@Jay , hey I am also not setup for a unity-3D env run. However, I took your code and modified it to accept a custom fake env that has your defined spaces, and it runs fine. No complaining about the spaces or anything. I hope it helps.
"""
Example of running an RLlib Trainer against a locally running Unity3D editor
instance (available as Unity3DEnv inside RLlib).
For a distributed cloud setup example with Unity,
see `examples/serving/unity3d_[server|client].py`
To run this script against a local Unity3D engine:
1) Install Unity3D and `pip install mlagents`.
2) Open the Unity3D Editor and load an example scene from the following
ml-agents pip package location:
`.../ml-agents/Project/Assets/ML-Agents/Examples/`
This script supports the `3DBall`, `3DBallHard`, `SoccerStrikersVsGoalie`,
`Tennis`, and `Walker` examples.
Specify the game you chose on your command line via e.g. `--env 3DBall`.

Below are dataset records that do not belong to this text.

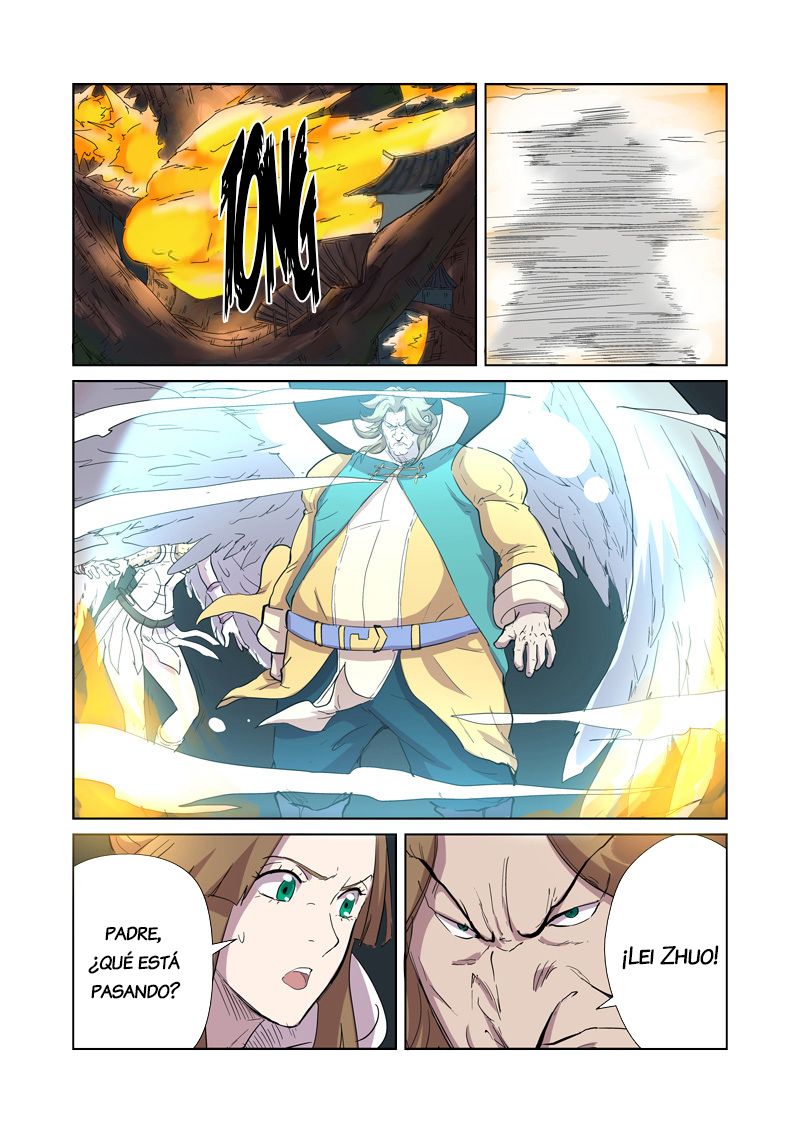 Tales of Demons and Gods Capitulo 169: explota página 13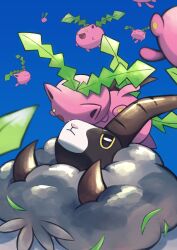 dubwool from pokemon by katiwari7293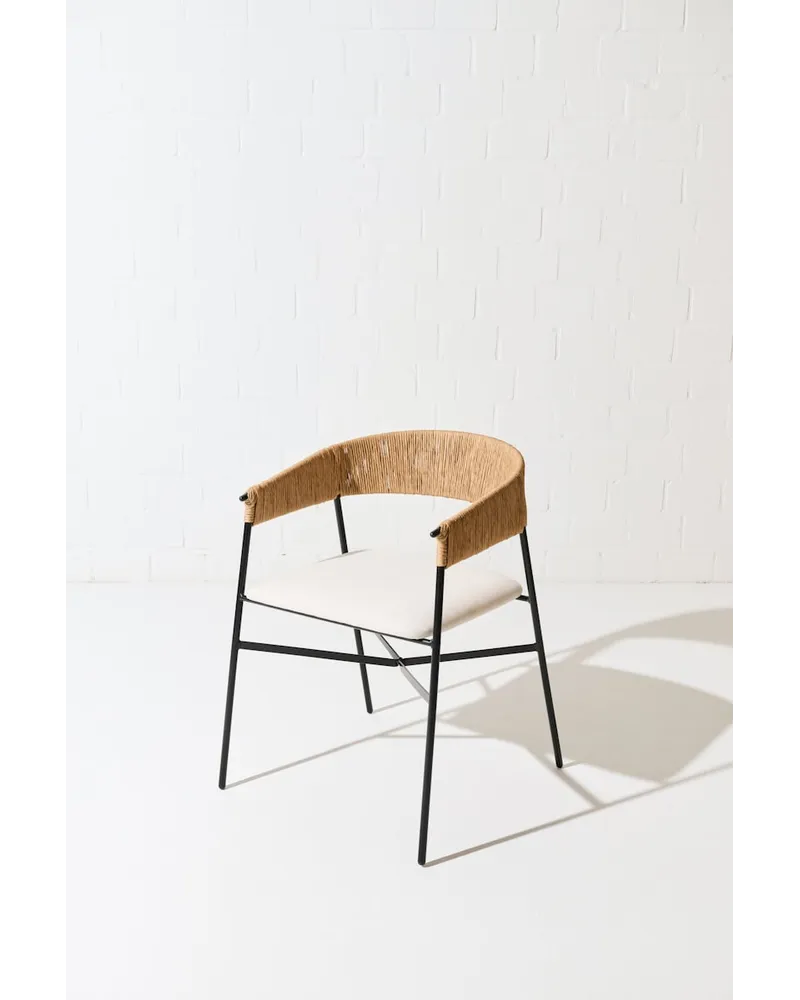 Dorothee Schumacher Handgeflochtener Indoor Stuhl Multi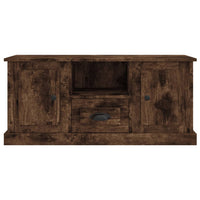 Thumbnail for TV-Schrank Räuchereiche 100x35,5x45 cm Holzwerkstoff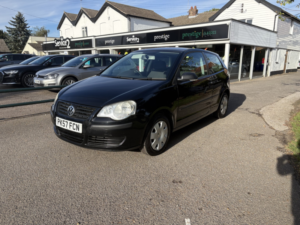 2007 Volkswagen Polo 1.2 E in Black — image 2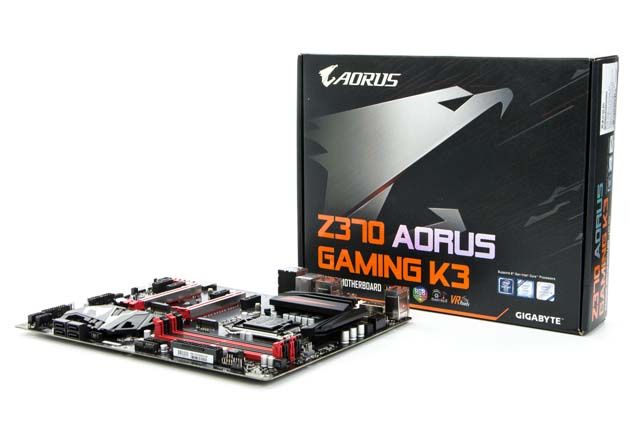 Gigabyte Z370 Aorus Gaming K3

Feel free to add more supported examples here.
3) Then run this script (you will have to press Play in your Unity editor
at some point to start the game and the learning process):
$ python unity3d_env_local.py --env 3DBall --stop-reward [..]
[--framework=torch]?
"""
import argparse
import os
import numpy as np
import ray
from ray import air, tune
from ray.rllib.algorithms.ppo import PPOConfig
from ray.rllib.env.wrappers.unity3d_env import Unity3DEnv
from ray.rllib.utils.test_utils import check_learning_achieved
from ray.rllib.policy.policy import PolicySpec
from gymnasium.spaces import Box, MultiDiscrete, Tuple as TupleSpace
import gymnasium as gym
ray.shutdown()
parser = argparse.ArgumentParser()
parser.add_argument(
"--file-name",
type=str,
default=None,
help="The Unity3d binary (compiled) game, e.g. "
"'/home/ubuntu/soccer_strikers_vs_goalie_linux.x86_64'. Use `None` for "
"a currently running Unity3D editor.",
)
parser.add_argument(
"--from-checkpoint",
type=str,
default=None,
help="Full path to a checkpoint file for restoring a previously saved "
"Trainer state.",
)
parser.add_argument("--num-workers", type=int, default=0)
parser.add_argument(
"--as-test",
action="store_true",
help="Whether this script should be run as a test: --stop-reward must "
"be achieved within --stop-timesteps AND --stop-iters.",
)
parser.add_argument(
"--stop-iters", type=int, default=9999, help="Number of iterations to train."
)
parser.add_argument(
"--stop-timesteps", type=int, default=10000000, help="Number of timesteps to train."
)
parser.add_argument(
"--stop-reward",
type=float,
default=9999.0,
help="Reward at which we stop training.",
)
parser.add_argument(
"--horizon",
type=int,
default=3000,
help="The max. number of `step()`s for any episode (per agent) before "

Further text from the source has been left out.